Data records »

========

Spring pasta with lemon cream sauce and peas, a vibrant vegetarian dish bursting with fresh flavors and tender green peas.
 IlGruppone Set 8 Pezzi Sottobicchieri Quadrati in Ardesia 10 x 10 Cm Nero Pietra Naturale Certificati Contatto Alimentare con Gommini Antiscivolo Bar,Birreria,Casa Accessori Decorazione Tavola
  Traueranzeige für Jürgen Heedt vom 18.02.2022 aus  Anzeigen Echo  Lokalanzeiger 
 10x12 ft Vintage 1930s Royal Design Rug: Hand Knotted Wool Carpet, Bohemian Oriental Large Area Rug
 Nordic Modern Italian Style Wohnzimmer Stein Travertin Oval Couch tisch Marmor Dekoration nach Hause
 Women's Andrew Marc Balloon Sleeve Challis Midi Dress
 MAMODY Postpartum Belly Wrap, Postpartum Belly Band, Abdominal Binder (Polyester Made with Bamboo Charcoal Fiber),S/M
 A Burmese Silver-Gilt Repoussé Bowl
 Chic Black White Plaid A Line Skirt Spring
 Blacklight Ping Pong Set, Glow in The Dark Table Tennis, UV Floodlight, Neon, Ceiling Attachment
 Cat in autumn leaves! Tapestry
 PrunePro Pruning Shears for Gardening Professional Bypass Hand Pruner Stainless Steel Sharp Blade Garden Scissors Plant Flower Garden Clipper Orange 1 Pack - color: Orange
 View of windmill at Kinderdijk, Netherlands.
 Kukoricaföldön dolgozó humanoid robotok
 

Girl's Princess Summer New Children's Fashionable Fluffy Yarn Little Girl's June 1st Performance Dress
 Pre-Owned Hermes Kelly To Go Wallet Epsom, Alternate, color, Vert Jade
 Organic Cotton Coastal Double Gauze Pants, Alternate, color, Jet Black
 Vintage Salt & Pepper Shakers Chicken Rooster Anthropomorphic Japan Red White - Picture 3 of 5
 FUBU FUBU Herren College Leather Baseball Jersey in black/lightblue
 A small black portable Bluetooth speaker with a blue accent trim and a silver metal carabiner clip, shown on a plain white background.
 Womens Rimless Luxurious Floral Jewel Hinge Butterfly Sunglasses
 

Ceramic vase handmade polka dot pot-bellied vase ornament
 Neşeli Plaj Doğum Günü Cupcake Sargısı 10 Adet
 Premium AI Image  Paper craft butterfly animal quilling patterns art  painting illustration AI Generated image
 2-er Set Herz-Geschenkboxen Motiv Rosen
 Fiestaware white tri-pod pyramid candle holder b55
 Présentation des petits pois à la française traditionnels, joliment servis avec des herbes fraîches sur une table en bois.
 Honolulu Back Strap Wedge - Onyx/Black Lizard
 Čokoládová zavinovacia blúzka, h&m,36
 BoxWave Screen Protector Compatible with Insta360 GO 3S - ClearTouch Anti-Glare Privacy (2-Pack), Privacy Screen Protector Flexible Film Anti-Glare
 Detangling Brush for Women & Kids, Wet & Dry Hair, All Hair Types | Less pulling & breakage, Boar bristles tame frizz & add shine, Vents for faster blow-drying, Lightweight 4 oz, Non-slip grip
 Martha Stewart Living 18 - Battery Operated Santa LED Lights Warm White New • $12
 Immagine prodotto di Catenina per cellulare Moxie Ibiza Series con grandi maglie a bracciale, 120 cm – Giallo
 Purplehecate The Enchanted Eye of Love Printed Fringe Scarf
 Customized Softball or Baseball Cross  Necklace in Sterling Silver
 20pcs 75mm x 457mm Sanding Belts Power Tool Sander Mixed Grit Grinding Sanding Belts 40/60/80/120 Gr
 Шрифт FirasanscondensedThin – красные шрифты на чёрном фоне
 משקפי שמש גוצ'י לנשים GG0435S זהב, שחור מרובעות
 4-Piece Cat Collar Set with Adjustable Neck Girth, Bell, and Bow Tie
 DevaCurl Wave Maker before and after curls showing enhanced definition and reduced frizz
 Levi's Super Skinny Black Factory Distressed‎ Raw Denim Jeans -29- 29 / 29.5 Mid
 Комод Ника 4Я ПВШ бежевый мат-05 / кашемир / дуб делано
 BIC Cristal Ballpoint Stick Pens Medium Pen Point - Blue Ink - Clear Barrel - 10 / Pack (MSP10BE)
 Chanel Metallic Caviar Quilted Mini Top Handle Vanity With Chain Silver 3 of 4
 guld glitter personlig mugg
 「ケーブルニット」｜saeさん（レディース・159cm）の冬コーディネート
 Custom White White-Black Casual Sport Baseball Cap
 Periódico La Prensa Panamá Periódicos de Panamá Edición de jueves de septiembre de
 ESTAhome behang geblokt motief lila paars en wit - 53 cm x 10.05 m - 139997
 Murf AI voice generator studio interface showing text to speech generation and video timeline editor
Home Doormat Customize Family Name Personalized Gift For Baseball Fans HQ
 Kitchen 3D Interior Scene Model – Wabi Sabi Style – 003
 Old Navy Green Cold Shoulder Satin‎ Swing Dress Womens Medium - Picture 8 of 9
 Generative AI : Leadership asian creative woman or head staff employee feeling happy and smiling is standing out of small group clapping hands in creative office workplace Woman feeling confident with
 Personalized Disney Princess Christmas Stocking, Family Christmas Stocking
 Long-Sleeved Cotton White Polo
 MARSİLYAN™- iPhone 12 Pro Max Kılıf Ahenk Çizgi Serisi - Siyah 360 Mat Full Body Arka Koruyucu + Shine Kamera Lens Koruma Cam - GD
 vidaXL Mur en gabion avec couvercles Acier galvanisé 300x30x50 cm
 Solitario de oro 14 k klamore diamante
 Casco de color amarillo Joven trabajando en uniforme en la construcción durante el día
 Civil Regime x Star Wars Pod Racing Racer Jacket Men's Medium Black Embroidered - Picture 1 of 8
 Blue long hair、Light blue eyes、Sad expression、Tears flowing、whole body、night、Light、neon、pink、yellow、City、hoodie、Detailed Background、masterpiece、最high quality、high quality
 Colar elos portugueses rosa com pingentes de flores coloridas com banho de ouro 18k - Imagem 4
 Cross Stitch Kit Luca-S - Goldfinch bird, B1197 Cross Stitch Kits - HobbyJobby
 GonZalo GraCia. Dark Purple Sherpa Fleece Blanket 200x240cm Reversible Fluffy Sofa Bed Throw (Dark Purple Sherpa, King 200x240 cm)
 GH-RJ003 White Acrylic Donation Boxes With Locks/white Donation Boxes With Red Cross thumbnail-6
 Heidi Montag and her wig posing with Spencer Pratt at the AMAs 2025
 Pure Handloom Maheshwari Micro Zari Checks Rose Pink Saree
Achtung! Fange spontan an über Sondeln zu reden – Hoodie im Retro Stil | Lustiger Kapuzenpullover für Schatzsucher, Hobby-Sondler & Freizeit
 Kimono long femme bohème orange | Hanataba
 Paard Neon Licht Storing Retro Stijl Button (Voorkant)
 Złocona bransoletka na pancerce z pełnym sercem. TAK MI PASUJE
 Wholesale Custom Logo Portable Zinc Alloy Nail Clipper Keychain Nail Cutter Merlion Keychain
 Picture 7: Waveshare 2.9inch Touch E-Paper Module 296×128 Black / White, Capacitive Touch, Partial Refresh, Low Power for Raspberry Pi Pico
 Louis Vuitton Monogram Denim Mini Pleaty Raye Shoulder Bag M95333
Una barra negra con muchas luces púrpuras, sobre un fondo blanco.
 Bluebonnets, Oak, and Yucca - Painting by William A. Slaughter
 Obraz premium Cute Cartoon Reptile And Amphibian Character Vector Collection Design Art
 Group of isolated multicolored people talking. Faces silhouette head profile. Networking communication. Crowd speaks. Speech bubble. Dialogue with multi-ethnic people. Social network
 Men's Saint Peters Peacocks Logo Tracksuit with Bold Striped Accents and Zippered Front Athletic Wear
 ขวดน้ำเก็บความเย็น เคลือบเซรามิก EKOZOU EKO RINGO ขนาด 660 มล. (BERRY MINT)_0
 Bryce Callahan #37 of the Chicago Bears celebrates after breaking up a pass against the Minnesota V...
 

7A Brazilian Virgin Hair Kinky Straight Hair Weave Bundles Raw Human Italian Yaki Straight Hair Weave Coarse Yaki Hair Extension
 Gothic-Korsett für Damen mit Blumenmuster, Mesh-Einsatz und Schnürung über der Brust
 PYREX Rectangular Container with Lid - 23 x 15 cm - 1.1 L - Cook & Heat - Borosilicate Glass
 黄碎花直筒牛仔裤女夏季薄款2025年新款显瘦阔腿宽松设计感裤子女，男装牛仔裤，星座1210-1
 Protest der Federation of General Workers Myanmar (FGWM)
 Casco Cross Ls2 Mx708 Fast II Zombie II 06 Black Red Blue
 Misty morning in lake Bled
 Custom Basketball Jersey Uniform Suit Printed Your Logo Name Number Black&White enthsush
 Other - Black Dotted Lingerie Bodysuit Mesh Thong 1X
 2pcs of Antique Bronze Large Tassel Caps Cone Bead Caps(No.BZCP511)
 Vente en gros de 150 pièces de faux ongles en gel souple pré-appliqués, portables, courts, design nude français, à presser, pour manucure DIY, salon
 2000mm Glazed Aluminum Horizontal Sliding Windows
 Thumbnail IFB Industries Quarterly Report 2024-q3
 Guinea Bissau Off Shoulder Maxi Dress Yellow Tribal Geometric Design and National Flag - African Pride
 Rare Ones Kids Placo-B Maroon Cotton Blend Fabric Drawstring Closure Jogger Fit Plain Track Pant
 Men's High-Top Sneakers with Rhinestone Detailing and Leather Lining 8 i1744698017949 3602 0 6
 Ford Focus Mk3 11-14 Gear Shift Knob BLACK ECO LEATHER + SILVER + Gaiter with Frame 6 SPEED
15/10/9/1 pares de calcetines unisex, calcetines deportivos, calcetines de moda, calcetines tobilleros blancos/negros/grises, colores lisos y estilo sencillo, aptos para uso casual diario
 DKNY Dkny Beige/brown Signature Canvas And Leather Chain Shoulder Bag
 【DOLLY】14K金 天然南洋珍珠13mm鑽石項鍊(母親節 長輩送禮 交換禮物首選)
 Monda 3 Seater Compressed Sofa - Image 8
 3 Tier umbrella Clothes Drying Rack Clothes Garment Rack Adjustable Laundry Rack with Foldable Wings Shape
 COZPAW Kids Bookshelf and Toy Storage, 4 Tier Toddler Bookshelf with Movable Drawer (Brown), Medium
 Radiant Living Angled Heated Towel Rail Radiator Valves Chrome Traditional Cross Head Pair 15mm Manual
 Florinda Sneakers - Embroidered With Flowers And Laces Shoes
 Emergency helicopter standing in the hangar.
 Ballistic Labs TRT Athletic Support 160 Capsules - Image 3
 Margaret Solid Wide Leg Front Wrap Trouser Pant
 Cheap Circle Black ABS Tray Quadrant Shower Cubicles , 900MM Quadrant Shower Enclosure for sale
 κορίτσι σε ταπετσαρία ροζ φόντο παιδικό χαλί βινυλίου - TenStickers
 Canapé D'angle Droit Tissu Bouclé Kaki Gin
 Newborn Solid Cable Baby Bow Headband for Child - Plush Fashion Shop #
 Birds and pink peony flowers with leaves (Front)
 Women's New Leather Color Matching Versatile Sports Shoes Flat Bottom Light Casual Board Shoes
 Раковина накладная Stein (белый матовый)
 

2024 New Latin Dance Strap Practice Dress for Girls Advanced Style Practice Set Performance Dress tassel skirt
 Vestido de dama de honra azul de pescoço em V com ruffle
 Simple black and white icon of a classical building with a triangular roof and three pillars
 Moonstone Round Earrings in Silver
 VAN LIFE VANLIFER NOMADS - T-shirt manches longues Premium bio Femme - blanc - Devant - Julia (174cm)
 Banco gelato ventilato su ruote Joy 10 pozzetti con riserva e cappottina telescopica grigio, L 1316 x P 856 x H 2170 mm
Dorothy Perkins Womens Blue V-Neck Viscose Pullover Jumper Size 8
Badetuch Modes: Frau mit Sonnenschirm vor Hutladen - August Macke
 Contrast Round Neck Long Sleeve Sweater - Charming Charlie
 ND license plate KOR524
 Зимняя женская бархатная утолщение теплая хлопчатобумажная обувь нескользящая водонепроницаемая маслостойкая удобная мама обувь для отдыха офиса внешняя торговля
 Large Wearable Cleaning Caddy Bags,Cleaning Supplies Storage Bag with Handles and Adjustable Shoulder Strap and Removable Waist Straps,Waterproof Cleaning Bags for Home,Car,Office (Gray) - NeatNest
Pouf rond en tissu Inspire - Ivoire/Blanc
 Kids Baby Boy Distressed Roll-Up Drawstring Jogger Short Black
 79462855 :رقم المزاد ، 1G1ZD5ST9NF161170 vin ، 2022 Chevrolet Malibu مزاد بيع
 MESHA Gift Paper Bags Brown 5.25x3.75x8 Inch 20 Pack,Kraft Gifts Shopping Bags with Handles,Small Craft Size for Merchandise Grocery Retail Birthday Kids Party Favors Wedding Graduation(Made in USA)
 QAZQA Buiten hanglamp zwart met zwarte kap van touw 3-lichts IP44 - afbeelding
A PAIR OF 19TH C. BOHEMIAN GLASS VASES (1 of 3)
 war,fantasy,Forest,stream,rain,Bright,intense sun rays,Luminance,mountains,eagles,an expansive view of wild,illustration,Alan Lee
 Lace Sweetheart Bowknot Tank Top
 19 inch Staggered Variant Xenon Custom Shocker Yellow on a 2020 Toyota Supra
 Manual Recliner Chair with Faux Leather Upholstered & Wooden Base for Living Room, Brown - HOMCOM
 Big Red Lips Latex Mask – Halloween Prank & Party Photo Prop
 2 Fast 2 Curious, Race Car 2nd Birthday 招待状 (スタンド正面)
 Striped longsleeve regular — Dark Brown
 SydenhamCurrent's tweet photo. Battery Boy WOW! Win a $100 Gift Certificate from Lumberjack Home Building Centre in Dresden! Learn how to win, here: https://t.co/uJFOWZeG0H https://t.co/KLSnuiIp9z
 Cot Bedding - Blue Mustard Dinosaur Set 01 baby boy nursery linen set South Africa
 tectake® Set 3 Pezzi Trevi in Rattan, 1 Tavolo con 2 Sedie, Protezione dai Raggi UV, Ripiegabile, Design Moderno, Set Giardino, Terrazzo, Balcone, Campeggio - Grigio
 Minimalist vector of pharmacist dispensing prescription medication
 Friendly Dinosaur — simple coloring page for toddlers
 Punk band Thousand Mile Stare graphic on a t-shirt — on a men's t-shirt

========

Work item » Lines after the one containing "A Burmese Silver-Gilt Repoussé Bowl" are left out; every line from the start of the entries through that line is restated word for word.

Expected output »
Spring pasta with lemon cream sauce and peas, a vibrant vegetarian dish bursting with fresh flavors and tender green peas.
 IlGruppone Set 8 Pezzi Sottobicchieri Quadrati in Ardesia 10 x 10 Cm Nero Pietra Naturale Certificati Contatto Alimentare con Gommini Antiscivolo Bar,Birreria,Casa Accessori Decorazione Tavola
  Traueranzeige für Jürgen Heedt vom 18.02.2022 aus  Anzeigen Echo  Lokalanzeiger 
 10x12 ft Vintage 1930s Royal Design Rug: Hand Knotted Wool Carpet, Bohemian Oriental Large Area Rug
 Nordic Modern Italian Style Wohnzimmer Stein Travertin Oval Couch tisch Marmor Dekoration nach Hause
 Women's Andrew Marc Balloon Sleeve Challis Midi Dress
 MAMODY Postpartum Belly Wrap, Postpartum Belly Band, Abdominal Binder (Polyester Made with Bamboo Charcoal Fiber),S/M
 A Burmese Silver-Gilt Repoussé Bowl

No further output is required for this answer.